Il y a d’abord la minute d’intro progressive de Exhausted pour que Raphaël retrouve ses marques, après une année sans concert (« Le dernier vrai concert qu’on a joué, c’était ici, l’année dernière, et c’était de la folie. Il y en a eu un autre après, mais les gens étaient assis, je n’ai pas trop aimé » – Raphaël fait allusion à un court set à la Seine Musicale début octobre 2020…), et aussi pour que nous, nous nous préparions, et puis… la furie WHYPD se déverse. Et le public devient fou, à nouveau : au premier rang, les barrières sont à deux doigts de céder sous la pression, qui ne va d’ailleurs pas baisser un seul instant durant les 55 minutes du set !

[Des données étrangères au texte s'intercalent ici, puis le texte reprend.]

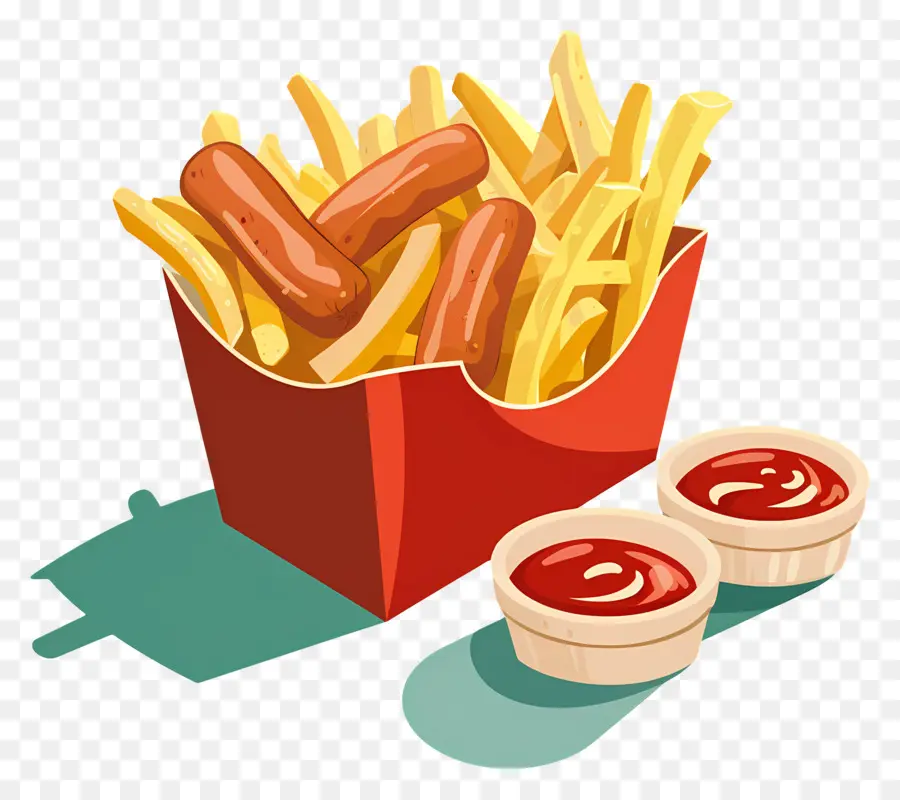 Salchipapa，Frites PNG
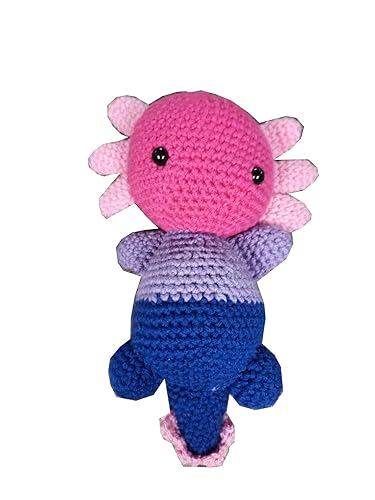 Crocheted Pride Axolotl Non Binary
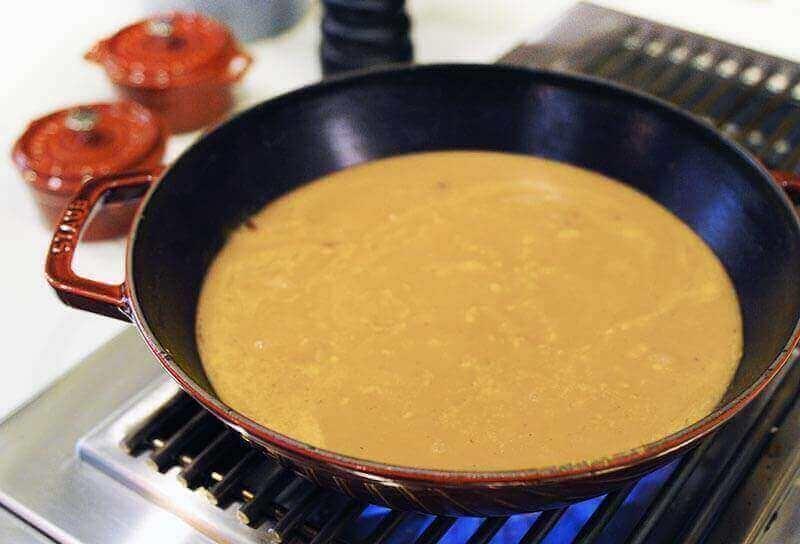 Image of Mirepoix Gravy for Smoke-Grilled Turkey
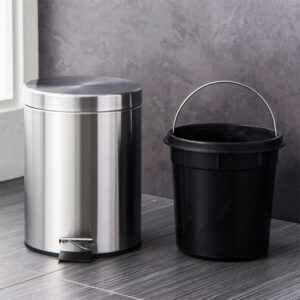 Thùng rác inox đạp chân tròn 8L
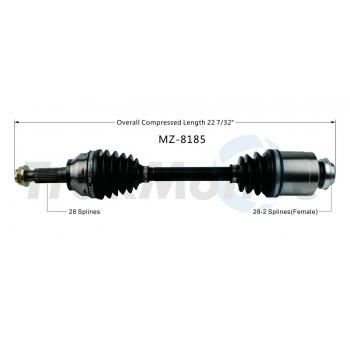 2013 Mazda 5 CV Axle Shaft Front Right TrakMotive MZ8185 image 1 of 4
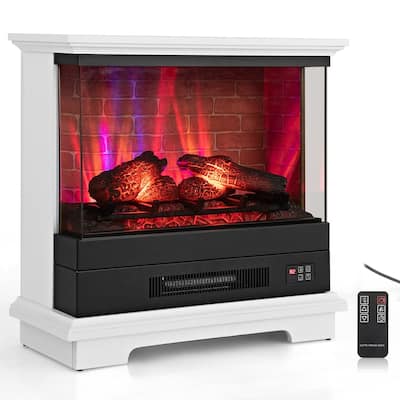 Costway 27'' Electric Fireplace Heater Freestanding 1400W Remote - See Details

Les titres de Can’t Wait to Be fine se succèdent, l’album sera joué dans sa quasi-intégralité, et on peut vérifier que ce renouvellement de la setlist propulse le groupe en avant… même si l’énergie punk est toujours bien là. Au bout de trois ou quatre morceaux, Raphaël, qui donne toujours de sa personne sans mesurer ses efforts, semble déjà physiquement éprouvé, mais il en plaisante : « Bah, c’est pas comme le vélo, en fait… Et d’ailleurs j’aurais peut-être dû en faire, du vélo, pendant tous ces mois… ». Mais il repart à l’assaut du public. Car Raphaël va faire quatre ou cinq incursions dans le moshpit (quatre ou cinq ? Au bout d’un moment, on ne les compte plus !), jouissant clairement de la frénésie générale, de ce sentiment de vie, d’intensité que procurent les concerts. Ce sentiment qui nous a tellement manqué pendant ces longs mois de privation.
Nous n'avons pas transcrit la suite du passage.